Doug Strain was president and CEO of Electro Scientific Industries (ESI), one of the first two companies in the Silicon Forest, west of Portland. Strain was a talented electrical engineer who was largely responsible for developing ESI’s precision impedance measuring instruments, which measure the electrical resistance of complex circuits and are used in development and calibration. In addition to his business and technical endeavors, Strain served in many local and national organizations, boards, and agencies. He was a generous philanthropist, particularly to Pacific University.

Douglas Campbell Strain was born in Spokane, Washington, on October 24, 1919. His parents, Clayton and Edith, managed a farm in northern Idaho. Clayton Strain moved his family in 1932 to Alhambra, California, where he worked at the headquarters of the Challenge Dairy Cooperative, which had been formed to bring together local cooperatives in the West to compete with large food-processing companies. Doug attended Alhambra High School, where he developed an interest in radio and held several part-time jobs repairing and assembling radios. After graduation, he won a Bausch & Lomb Honorary Science Award for designing a flow pH meter to measure the acidity of chemical solutions. He attended Pasadena Junior College and was admitted to the California Institute of Technology in 1941. He married Leila “Cleo” Karicofe on June 10, 1943, a marriage that lasted until his death. They had three children.

Strain was raised in the Disciples of Christ but gravitated toward the Society of Friends (Quakers) in college. When he registered for the World War II draft, he was granted status as a conscientious objector and was drafted after one semester at Cal Tech. He began his alternative service at Civilian Public Service Camp (CPS) #21 at Cascade Locks on January 15, 1942. Strain served in several other CPS camps before returning to Cascade Locks in 1944, when he was assigned to work in the Forest Service Radio Lab in Portland. While there, he moonlighted at Brown Electric, a small company founded by Frank Brown that manufactured impedance bridges for General Radio (now GenRad) in Concord, Massachusetts.

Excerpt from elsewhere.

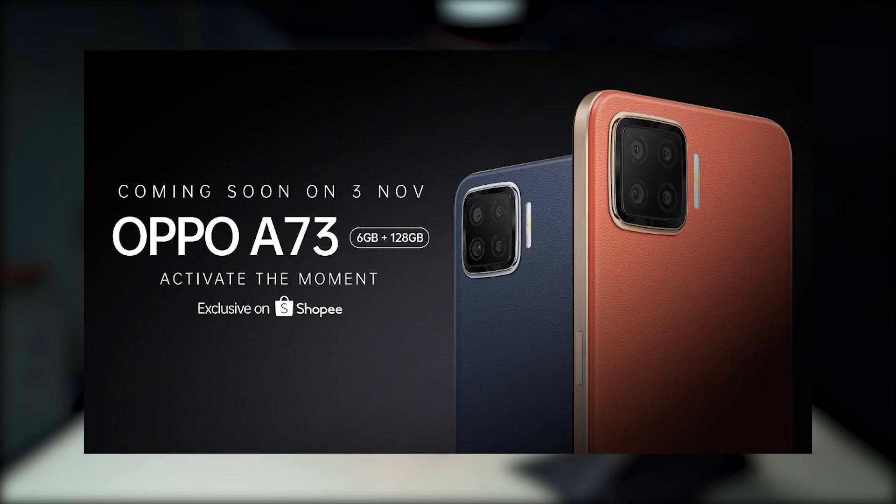Ahead of the 11.11 online sale, Oppo has teased another smartphone called the Oppo A73. It will feature a leather-like back cover with a laser-etched Oppo monogram. From the model number, this could be positioned under the Oppo A93, which was recently launched for RM1,299.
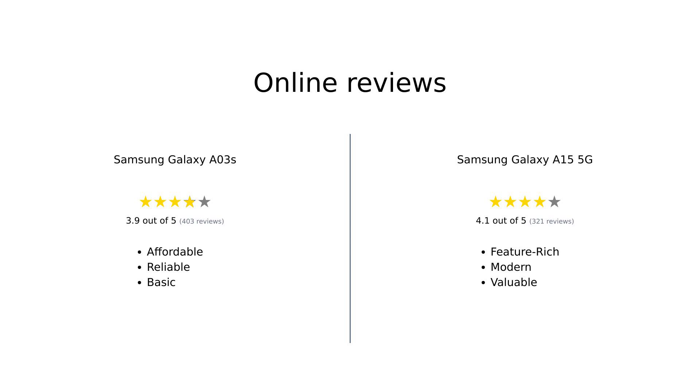Summarizing the reviews: the Samsung Galaxy A03s is praised for its affordability, long battery life, and ease of use. However, some users have noted issues with carrier compatibility. On the other hand, the Samsung Galaxy A15 5G is appreciated for its larger internal memory, better battery life, and additional features like spam call blocking. Some users did note minor usability issues, but overall found it to be a great value for the price.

Returning to Cal Tech after the war, Strain completed a degree in electrical engineering in 1948. He worked at Beckman Instruments for a year and then moved to Portland and purchased a quarter share in Brown’s company, which was incorporated under a new name, Brown Electro-Measurements. Together, Strain and Brown designed a high precision impedance bridge, the BECO 250, which was highly accurate, portable, and competitively priced.

In 1953, Strain and his father purchased the company and renamed it Electro-Measurements; they changed the name to Electro Scientific Industries in 1959. ESI was primarily a precision instrument company until 1969, when it began to build laser manufacturing systems for the semiconductor industry. Laser manufacturing systems are used to fabricate and repair the tiny electronic components used in computers, cell phones. and other such devices. The company became, and still is, a world leader in the production of such systems. Strain resigned as president in 1980 but continued as chair of the board until 1985. He served as vice-chair until he retired in 1999.

Doug Strain was a member of many professional organizations and held leadership positions in several. He served as chair of the Instrument Society of America and was a founding director of the American Electronic Association and was on the Oregon Commission on Futures Research and the Oregon Governor’s Advisory Council. He was a member of the board of trustees of several educational institutions, including Pacific University, where he was board chair. One of the buildings on the Pacific University campus is the Douglas C. Strain Science Center, built in 1963. He and his wife Cleo were the largest individual donors to the building project. He also donated an endowment to Pacific University to establish the Douglas C. Strain Chair of Natural Philosophy.

Strain received a Career Excellence Award from the Institute of Electrical and Electronics Engineers Instrumentation and Test Calibration Society in 2003 and the Wildhack Award of Achievement in Precision Electrical Measurements from the National Conference of Standards Laboratories in 1977. In Oregon, he received the Harvey Clark Award from Pacific University and was the first winner of the Vollum Award for Achievement in Science and Technology from Reed College in 1975. 

In 1959, Strain sold the former ESI building at 4312 Southeast Stark, which had earlier been a Portland Knitting Mill (Jantzen) facility, to the Multnomah Monthly Meeting of the Society of Friends for one dollar under the condition that the American Friends Service Committee could have offices in that building as long as it wanted. Although the AFSC has since moved to another location, the Multnomah Monthly Meeting continues to meet there.

Doug Strain died in Portland on November 15, 2008.